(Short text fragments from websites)
★ ★ ★ ★ ★
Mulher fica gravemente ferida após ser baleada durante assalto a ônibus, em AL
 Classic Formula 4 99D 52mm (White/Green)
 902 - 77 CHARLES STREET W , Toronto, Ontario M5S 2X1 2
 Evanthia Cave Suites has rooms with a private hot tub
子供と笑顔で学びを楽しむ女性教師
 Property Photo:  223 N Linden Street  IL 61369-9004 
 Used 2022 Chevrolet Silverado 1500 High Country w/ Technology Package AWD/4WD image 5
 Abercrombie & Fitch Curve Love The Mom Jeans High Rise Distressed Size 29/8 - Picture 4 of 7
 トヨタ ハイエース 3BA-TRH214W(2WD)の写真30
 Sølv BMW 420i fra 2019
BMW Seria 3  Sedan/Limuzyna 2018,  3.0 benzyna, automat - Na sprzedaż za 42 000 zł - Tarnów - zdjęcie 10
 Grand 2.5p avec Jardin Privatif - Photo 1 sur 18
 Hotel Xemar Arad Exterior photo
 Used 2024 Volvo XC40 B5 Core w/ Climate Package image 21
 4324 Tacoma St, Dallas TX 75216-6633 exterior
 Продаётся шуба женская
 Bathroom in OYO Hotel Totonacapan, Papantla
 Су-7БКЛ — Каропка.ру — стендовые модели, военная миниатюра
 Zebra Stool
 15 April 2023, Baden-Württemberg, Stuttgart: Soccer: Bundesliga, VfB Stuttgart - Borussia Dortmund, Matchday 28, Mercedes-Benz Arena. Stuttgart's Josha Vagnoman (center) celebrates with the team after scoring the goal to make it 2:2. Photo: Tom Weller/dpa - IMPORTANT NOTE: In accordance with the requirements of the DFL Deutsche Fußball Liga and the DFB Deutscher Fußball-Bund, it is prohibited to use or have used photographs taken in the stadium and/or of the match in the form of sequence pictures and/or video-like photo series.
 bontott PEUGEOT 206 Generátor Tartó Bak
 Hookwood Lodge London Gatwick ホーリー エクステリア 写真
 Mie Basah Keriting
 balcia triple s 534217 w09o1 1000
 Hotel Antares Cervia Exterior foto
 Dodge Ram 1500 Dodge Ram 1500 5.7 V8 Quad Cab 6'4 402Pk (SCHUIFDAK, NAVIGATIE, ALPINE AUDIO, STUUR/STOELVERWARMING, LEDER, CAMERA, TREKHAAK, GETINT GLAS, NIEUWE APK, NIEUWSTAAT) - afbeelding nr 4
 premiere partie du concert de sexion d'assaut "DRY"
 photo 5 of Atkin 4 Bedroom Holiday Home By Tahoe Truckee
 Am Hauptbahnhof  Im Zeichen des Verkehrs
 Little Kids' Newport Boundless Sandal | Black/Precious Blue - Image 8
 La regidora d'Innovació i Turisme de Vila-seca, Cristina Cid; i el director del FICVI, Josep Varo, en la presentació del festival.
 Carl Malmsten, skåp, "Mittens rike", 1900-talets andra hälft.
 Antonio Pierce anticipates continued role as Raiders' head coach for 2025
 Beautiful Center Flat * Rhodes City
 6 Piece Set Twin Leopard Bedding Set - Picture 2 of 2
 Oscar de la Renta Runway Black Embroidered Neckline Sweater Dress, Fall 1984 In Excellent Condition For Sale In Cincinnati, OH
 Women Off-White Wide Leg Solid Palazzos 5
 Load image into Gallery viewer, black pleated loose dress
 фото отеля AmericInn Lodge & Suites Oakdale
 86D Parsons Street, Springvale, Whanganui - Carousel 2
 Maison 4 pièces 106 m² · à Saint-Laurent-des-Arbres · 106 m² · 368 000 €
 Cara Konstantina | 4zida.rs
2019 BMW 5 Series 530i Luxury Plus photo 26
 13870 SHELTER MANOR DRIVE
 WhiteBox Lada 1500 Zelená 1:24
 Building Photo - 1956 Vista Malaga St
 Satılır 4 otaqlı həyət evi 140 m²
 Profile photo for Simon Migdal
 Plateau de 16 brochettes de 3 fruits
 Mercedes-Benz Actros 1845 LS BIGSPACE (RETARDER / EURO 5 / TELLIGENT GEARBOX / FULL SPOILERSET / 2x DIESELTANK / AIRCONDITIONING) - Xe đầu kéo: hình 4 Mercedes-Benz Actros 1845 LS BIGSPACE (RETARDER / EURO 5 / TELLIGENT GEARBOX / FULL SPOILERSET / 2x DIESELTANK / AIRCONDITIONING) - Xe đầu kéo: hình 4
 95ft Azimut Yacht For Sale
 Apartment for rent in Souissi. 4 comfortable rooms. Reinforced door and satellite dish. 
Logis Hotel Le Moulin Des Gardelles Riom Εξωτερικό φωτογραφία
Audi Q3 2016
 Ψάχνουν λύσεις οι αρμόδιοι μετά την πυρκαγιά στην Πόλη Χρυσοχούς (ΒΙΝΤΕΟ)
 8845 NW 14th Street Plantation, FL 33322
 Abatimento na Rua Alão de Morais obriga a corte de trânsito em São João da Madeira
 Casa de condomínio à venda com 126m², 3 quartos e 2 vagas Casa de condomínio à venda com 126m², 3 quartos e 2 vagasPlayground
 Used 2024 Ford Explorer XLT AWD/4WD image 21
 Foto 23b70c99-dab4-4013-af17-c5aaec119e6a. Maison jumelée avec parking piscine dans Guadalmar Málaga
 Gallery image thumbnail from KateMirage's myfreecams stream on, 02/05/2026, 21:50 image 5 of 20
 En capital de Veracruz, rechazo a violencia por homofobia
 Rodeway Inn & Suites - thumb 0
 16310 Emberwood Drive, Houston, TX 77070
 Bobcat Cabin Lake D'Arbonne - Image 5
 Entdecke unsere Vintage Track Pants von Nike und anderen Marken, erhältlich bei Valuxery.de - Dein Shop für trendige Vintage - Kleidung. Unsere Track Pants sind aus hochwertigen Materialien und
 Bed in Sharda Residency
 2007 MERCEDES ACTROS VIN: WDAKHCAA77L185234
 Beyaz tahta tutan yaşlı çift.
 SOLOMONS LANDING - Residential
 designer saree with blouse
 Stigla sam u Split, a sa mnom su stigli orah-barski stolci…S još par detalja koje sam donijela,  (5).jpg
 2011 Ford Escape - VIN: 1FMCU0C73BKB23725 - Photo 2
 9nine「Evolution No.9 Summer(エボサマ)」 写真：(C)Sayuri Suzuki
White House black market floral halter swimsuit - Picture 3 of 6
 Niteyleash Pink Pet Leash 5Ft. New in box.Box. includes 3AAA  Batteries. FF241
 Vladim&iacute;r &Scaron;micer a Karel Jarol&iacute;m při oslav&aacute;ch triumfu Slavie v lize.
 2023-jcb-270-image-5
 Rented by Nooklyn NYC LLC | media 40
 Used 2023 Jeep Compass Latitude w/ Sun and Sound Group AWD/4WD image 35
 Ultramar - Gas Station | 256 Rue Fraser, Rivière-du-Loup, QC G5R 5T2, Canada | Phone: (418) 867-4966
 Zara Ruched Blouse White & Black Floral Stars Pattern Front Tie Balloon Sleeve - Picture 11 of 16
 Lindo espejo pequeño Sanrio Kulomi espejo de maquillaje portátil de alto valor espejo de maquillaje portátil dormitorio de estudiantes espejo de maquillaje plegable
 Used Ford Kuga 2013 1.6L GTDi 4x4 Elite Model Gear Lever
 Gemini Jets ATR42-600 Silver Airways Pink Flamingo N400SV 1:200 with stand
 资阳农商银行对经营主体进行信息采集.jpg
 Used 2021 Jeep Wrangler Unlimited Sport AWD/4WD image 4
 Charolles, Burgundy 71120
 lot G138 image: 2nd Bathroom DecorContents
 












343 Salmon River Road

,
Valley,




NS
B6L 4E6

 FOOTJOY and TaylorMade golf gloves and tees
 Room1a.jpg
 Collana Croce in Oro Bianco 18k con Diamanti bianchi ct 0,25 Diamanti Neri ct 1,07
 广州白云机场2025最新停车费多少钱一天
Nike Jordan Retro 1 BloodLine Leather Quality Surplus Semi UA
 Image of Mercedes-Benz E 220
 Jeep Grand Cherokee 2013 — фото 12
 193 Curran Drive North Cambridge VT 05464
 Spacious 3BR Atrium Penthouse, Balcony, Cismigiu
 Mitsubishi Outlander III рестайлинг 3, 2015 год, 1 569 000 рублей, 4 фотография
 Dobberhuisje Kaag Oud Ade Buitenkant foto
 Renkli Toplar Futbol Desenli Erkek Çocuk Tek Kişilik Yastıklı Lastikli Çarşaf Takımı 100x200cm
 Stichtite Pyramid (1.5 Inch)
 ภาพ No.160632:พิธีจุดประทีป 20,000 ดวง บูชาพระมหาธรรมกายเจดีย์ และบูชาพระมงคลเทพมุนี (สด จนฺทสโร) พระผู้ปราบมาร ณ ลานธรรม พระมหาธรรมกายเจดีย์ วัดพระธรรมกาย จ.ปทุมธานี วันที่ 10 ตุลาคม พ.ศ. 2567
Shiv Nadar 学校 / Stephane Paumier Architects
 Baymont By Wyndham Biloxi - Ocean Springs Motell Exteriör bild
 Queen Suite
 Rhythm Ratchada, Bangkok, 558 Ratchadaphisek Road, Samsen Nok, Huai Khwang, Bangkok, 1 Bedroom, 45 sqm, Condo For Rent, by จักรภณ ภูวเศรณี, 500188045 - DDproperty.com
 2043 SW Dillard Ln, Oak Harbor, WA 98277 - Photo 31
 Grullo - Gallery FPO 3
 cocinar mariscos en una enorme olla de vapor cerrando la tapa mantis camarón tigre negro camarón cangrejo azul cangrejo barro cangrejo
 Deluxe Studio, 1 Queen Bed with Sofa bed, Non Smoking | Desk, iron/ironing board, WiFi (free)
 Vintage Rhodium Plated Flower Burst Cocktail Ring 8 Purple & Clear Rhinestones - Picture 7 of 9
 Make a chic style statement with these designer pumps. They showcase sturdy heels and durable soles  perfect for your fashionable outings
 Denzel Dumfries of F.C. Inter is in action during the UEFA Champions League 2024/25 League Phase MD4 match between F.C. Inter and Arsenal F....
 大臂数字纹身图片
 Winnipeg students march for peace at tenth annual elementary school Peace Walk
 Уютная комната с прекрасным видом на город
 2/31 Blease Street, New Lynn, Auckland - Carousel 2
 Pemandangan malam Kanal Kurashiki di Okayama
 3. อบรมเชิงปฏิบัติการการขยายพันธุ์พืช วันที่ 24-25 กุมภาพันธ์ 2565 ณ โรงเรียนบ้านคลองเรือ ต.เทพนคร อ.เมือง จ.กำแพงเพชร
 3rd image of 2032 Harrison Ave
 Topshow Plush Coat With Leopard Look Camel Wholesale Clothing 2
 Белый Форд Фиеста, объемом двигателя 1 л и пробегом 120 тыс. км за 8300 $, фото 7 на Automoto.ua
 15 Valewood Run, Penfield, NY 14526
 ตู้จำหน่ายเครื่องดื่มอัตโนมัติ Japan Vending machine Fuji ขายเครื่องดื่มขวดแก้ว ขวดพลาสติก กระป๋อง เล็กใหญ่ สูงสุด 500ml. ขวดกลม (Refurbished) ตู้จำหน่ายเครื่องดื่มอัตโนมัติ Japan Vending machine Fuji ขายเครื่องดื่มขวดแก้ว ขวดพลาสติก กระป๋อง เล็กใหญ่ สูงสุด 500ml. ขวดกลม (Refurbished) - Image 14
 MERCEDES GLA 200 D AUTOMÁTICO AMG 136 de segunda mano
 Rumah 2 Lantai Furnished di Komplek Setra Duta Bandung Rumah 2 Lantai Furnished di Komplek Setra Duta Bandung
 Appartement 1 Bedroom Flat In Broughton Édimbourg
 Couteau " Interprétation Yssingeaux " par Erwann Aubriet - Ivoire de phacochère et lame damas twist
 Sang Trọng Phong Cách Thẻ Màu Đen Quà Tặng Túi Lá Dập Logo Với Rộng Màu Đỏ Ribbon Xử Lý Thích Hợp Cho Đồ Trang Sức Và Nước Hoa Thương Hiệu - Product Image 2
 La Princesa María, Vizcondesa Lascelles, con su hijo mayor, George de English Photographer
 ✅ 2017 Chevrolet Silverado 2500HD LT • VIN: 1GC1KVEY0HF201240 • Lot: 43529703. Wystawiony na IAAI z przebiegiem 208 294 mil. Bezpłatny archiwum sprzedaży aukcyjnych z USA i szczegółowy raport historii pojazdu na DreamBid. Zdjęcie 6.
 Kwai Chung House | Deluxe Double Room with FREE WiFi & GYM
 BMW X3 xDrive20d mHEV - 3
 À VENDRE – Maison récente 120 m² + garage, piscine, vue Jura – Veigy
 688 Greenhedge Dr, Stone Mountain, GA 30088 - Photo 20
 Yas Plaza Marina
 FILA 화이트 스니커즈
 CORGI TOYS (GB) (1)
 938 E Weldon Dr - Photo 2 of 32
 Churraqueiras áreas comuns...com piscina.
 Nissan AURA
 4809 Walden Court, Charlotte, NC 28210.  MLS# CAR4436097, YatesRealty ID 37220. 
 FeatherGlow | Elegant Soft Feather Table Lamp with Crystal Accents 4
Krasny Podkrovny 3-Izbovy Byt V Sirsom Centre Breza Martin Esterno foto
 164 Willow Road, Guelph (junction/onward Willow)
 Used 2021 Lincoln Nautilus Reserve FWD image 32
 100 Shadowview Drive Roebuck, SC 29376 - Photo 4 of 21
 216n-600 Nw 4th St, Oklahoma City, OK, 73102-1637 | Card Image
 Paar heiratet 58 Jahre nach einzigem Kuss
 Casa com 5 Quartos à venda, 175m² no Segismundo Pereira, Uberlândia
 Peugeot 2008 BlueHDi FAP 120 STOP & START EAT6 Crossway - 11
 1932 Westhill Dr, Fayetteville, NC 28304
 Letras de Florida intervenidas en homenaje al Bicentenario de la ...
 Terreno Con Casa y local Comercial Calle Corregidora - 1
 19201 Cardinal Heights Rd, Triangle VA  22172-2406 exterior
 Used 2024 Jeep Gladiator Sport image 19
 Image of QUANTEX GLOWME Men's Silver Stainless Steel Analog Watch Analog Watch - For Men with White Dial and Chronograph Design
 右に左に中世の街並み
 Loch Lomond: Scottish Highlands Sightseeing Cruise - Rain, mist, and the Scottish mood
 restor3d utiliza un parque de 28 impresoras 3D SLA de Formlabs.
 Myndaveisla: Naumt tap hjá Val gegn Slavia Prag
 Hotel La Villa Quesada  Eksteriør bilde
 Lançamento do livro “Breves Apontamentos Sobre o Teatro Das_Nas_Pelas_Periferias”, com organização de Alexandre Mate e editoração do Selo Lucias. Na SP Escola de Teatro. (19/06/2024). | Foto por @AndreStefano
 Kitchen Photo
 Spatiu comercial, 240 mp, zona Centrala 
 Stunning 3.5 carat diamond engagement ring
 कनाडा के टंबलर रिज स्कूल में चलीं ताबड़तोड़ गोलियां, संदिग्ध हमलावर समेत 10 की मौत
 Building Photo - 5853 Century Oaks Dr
★ ★ ★ ★ ★
[WHAT IS BEING ASKED]: Output, please, only the lines running from the start of the entries through the line that contains "Abercrombie & Fitch", including both of those lines.

[OUTPUT OF THE TASK]:
Mulher fica gravemente ferida após ser baleada durante assalto a ônibus, em AL
 Classic Formula 4 99D 52mm (White/Green)
 902 - 77 CHARLES STREET W , Toronto, Ontario M5S 2X1 2
 Evanthia Cave Suites has rooms with a private hot tub
子供と笑顔で学びを楽しむ女性教師
 Property Photo:  223 N Linden Street  IL 61369-9004 
 Used 2022 Chevrolet Silverado 1500 High Country w/ Technology Package AWD/4WD image 5
 Abercrombie & Fitch Curve Love The Mom Jeans High Rise Distressed Size 29/8 - Picture 4 of 7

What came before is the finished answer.